• **WHAT YOU SHOULD DO**
Take the material below and extract the lines from the one with "EXCLUSIVE: Reese Witherspoon" through the one with "K&N Engine Air", word for word, without pictures.

• **DATASET EXCERPTS**
Segment Open

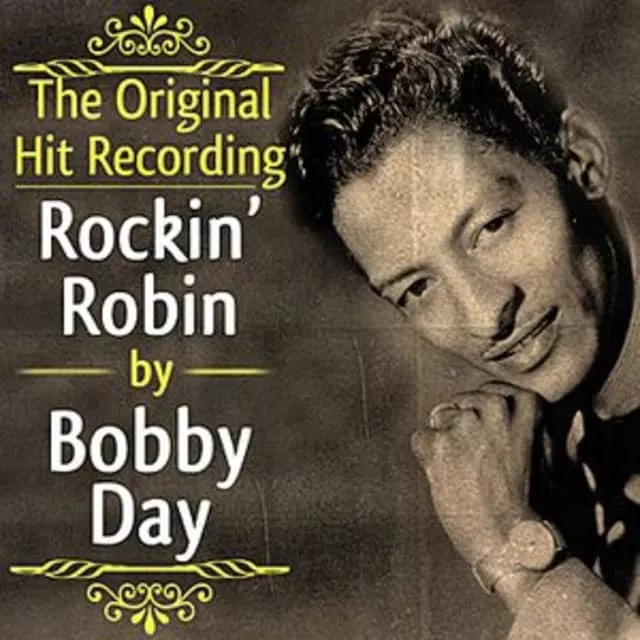 Bobby Day - American singer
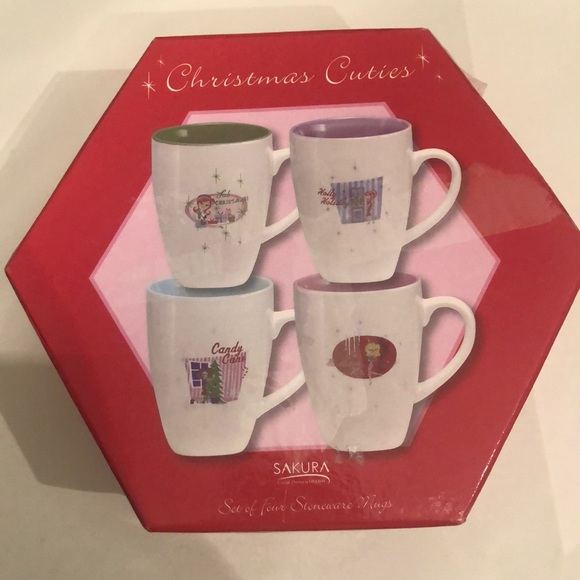 Christmas Cuties by Sakura Mugs - Picture 1 of 8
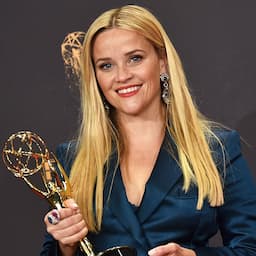 EXCLUSIVE: Reese Witherspoon Says 'Big Little Lies' Emmy Win Is 'Really Emotional for Me'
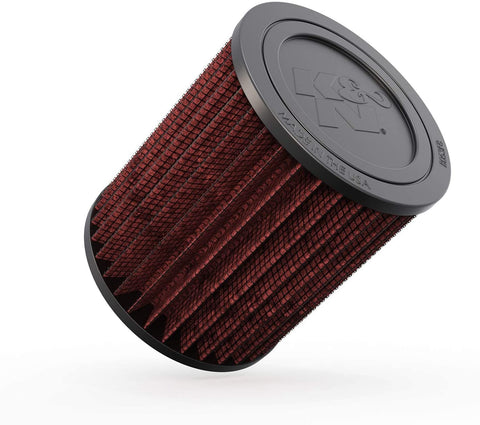 K&N Engine Air Filter: High Performance, Premium, Washable, Replacement Filter: Fits 2010-2017 Jeep/Dodge (Compass, Patriot, Caliber) E-1998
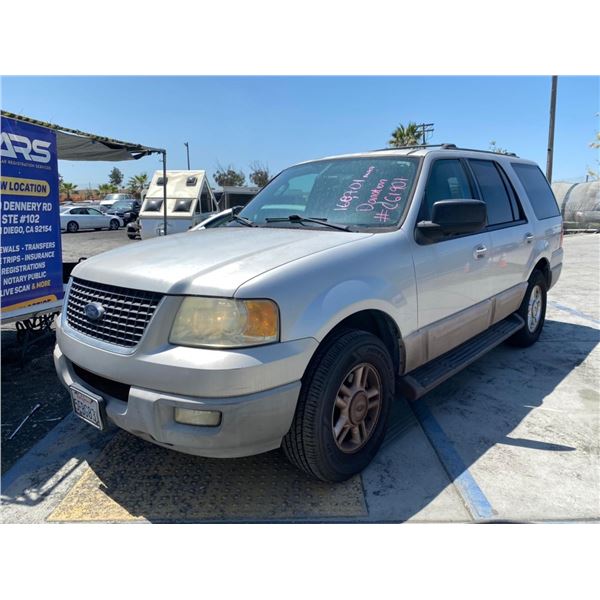 2003 Ford Expedition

Segment Closed

• **RESPONSE BOX**
 EXCLUSIVE: Reese Witherspoon Says 'Big Little Lies' Emmy Win Is 'Really Emotional for Me'
 K&N Engine Air Filter: High Performance, Premium, Washable, Replacement Filter: Fits 2010-2017 Jeep/Dodge (Compass, Patriot, Caliber) E-1998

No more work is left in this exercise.